AIM OF THE EXERCISE: Output every record precisely.

(Caption-style text data)
____________

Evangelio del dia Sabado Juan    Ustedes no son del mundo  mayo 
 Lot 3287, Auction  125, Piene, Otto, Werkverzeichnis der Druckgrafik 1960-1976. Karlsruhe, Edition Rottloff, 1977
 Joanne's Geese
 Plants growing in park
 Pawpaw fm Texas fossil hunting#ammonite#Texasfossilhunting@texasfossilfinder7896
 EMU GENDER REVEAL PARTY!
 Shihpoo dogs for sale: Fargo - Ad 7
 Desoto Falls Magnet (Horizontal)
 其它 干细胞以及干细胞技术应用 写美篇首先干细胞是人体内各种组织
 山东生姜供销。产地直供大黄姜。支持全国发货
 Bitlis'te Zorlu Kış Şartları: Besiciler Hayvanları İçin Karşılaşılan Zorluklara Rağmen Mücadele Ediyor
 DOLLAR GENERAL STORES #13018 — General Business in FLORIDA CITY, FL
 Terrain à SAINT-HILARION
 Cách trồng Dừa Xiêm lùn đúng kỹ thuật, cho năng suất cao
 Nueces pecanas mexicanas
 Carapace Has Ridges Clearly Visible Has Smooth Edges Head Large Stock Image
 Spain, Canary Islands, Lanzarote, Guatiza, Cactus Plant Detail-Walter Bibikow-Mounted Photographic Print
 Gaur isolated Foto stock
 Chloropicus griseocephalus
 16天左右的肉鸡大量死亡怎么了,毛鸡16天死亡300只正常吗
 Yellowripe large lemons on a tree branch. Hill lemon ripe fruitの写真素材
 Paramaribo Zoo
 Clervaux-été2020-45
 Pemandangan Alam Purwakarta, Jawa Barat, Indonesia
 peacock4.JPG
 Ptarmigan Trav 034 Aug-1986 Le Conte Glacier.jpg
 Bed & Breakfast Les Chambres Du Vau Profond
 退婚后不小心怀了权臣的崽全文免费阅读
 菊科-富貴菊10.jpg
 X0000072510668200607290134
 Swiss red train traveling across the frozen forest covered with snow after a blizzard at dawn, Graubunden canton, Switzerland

____________

ANSWER SECTION:
Evangelio del dia Sabado Juan    Ustedes no son del mundo  mayo 
 Lot 3287, Auction  125, Piene, Otto, Werkverzeichnis der Druckgrafik 1960-1976. Karlsruhe, Edition Rottloff, 1977
 Joanne's Geese
 Plants growing in park
 Pawpaw fm Texas fossil hunting#ammonite#Texasfossilhunting@texasfossilfinder7896
 EMU GENDER REVEAL PARTY!
 Shihpoo dogs for sale: Fargo - Ad 7
 Desoto Falls Magnet (Horizontal)
 其它 干细胞以及干细胞技术应用 写美篇首先干细胞是人体内各种组织
 山东生姜供销。产地直供大黄姜。支持全国发货
 Bitlis'te Zorlu Kış Şartları: Besiciler Hayvanları İçin Karşılaşılan Zorluklara Rağmen Mücadele Ediyor
 DOLLAR GENERAL STORES #13018 — General Business in FLORIDA CITY, FL
 Terrain à SAINT-HILARION
 Cách trồng Dừa Xiêm lùn đúng kỹ thuật, cho năng suất cao
 Nueces pecanas mexicanas
 Carapace Has Ridges Clearly Visible Has Smooth Edges Head Large Stock Image
 Spain, Canary Islands, Lanzarote, Guatiza, Cactus Plant Detail-Walter Bibikow-Mounted Photographic Print
 Gaur isolated Foto stock
 Chloropicus griseocephalus
 16天左右的肉鸡大量死亡怎么了,毛鸡16天死亡300只正常吗
 Yellowripe large lemons on a tree branch. Hill lemon ripe fruitの写真素材
 Paramaribo Zoo
 Clervaux-été2020-45
 Pemandangan Alam Purwakarta, Jawa Barat, Indonesia
 peacock4.JPG
 Ptarmigan Trav 034 Aug-1986 Le Conte Glacier.jpg
 Bed & Breakfast Les Chambres Du Vau Profond
 退婚后不小心怀了权臣的崽全文免费阅读
 菊科-富貴菊10.jpg
 X0000072510668200607290134
 Swiss red train traveling across the frozen forest covered with snow after a blizzard at dawn, Graubunden canton, Switzerland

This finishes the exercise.